What is the definition of Chargeback Fraud?
Chargeback fraud is simply an instance of an illegitimate dispute of a purchase. For example, if a fraudster knowingly and purposely purchases something from a merchant, but then later reports that it was a fraudulent purchase in order to get both the item from the merchant and dishonestly acquire a refund, that would be considered chargeback fraud.
How is this different from other types of fraud?
As one can imagine, there are other types of financial and credit card fraud including carding attacks. However, there are also many other types of malicious activities that do not directly relate to consumer credit cards. These include, but are not limited to: account hijacking, cookie stuffing from affiliate partners, and ad fraud. Many of these activities harm both the everyday internet user, as well as many online businesses by draining their budgets, skewing their metrics, and warping their sources of truth.
What are some examples of Chargeback Fraud?
These are the transactions that are committed with mal intentions from fraudsters and bad actors on the internet. These malicious users purposely make purchases and then knowingly contact a merchant or their bank to dispute them.

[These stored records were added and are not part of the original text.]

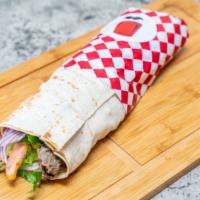 Kabab Sandwich · Seasoned ground beef grilled over an open flame, tomato, onions, lettuce, parsley, house gar...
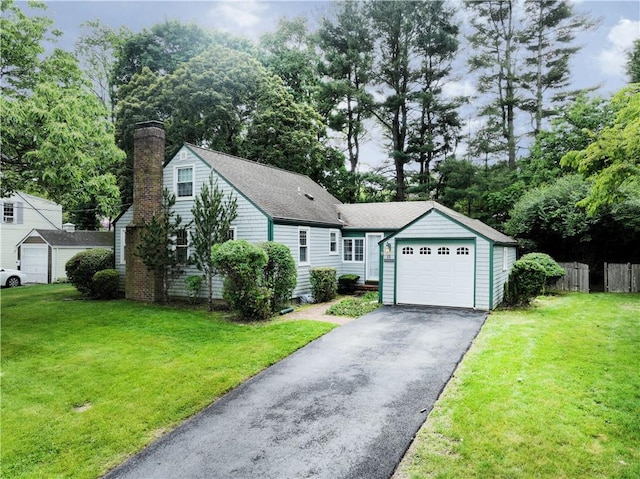 15 Franconia Dr, Cranston, RI 02920 - view of front of house featuring asphalt driveway, a chimney, a garage, and a shingled roof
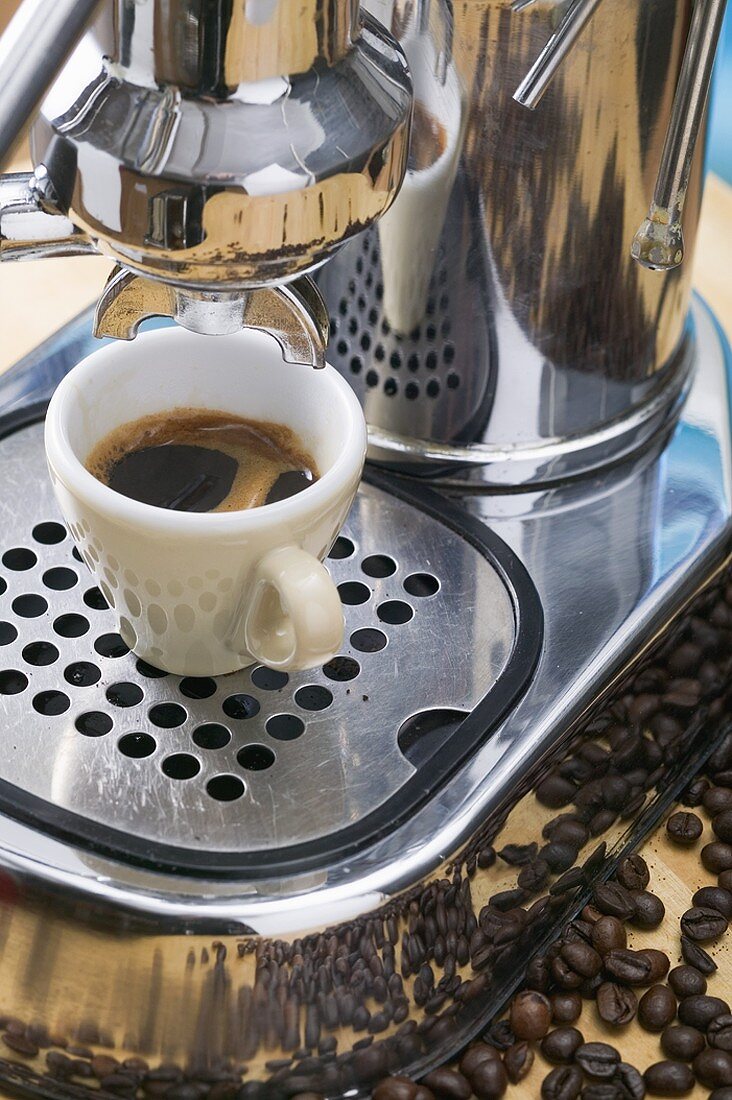 Cup of espresso on espresso machine, coffee beans
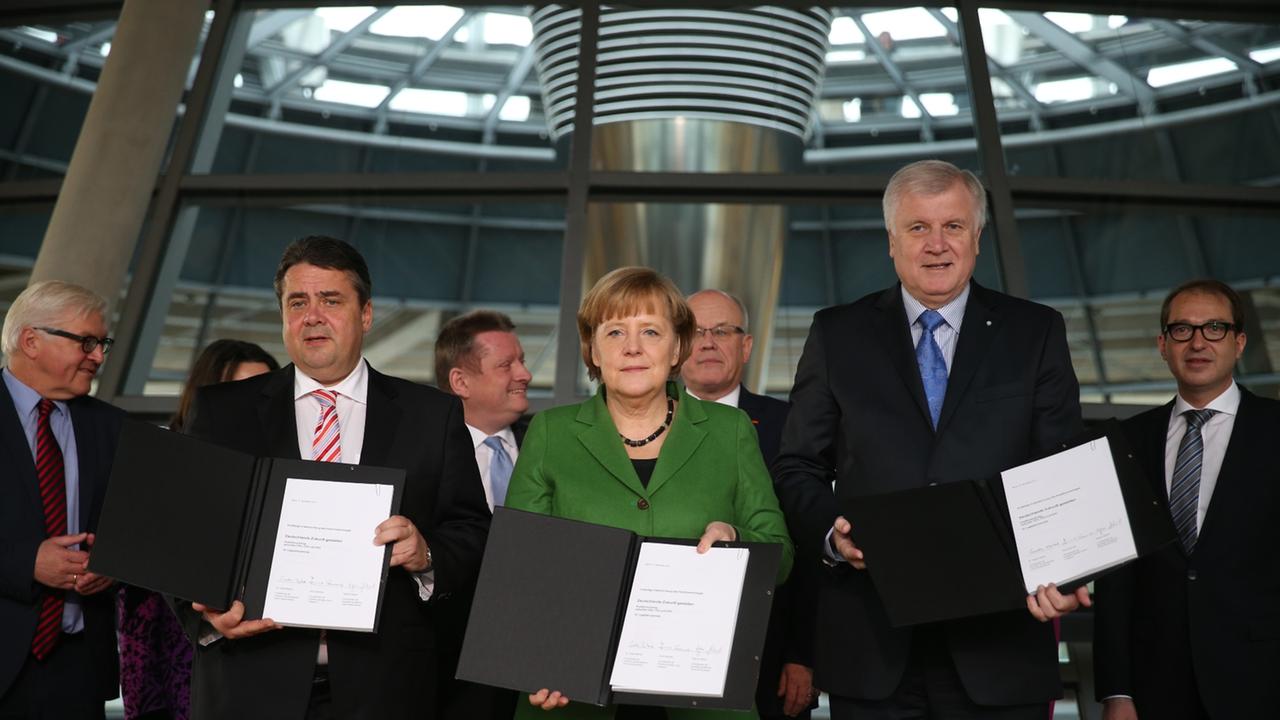 Die amtierende Bundeskanzlerin Angela Merkel (M, CDU), der CSU-Vorsitzende Horst Seehofer (r) und der SPD-Parteivorsitzende Sigmar Gabriel (l) paraphieren am 27.11.2013 im Reichstag in Berlin den Koalitionsvertrag.  Deutschland soll zum dritten Mal in sei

This type of fraud can be best described as unintentional fraud. Friendly fraud occurs when someone innocently forgets they made a purchase or signed on to a subscription model. They then dispute the charge because they do not remember agreeing to it, even though they did.

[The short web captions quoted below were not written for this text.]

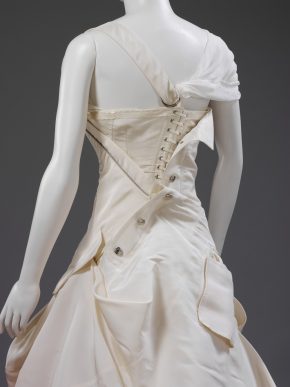 The corset fastenings on the back of the dress's bodice are left exposed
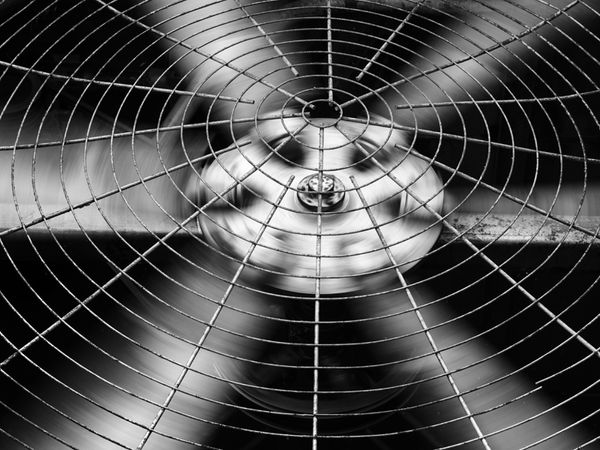 Close up shot of air conditioner unit fans running.|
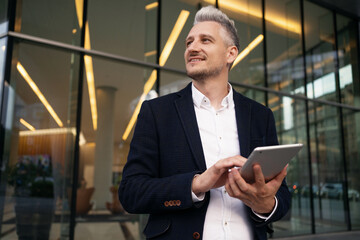 The manager is sitting near the business center typing on a tablet. A man of European appearance is...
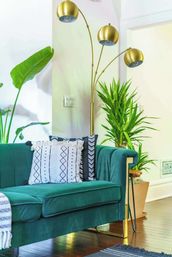 Emerald green velvet sofa with patterned throw pillows beside a gold triple-arched floor lamp and potted tropical plants on a hardwood floor in a bright modern living room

Sometimes purchases made on someone’s card are actually fraudulent, and when that person issues a dispute they are doing so rightfully. However, even though the person never made a purchase and is actually a victim in this scenario, even these disputes can cost businesses revenue and inventory.
How does Chargeback Fraud harm businesses?

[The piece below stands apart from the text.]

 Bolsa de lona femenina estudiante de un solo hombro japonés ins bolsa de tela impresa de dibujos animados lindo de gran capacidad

When a charge dispute is issued, it is typically the business’s responsibility to handle it. This means it is up to the business to prove the charge was legitimate, which can be a difficult thing to prove, and also a time-consuming process for companies that have large quantities of transactions happening every day. Because of this, there are many instances where the business does not have enough proof against a dispute, and ultimately the fraudster wins. This can harm the business’s reputation and revenue.
What can businesses do to stop Chargeback Fraud?
The best way to handle instances of chargeback fraud is to be proactive and protect against them before they occur. While legitimate disputes cannot – and arguably should not – be stopped, there are some things businesses can do to reduce fraudulent transactions and friendly fraud. If a given business notices that many customers are complaining about not remembering making purchases, or being automatically charged for items they don’t think they agreed to buy – that business could consider setting reminders or alerts to customers, requiring additional forms of affirmative consent when purchases are made, or updating their subscription model if applicable. When it comes to more malicious activities including fraudulent transactions, the business can be proactive by installing a security solution to proactively identify and block bad actors from their sites to reduce actions that will harm their business and their reputation with customers.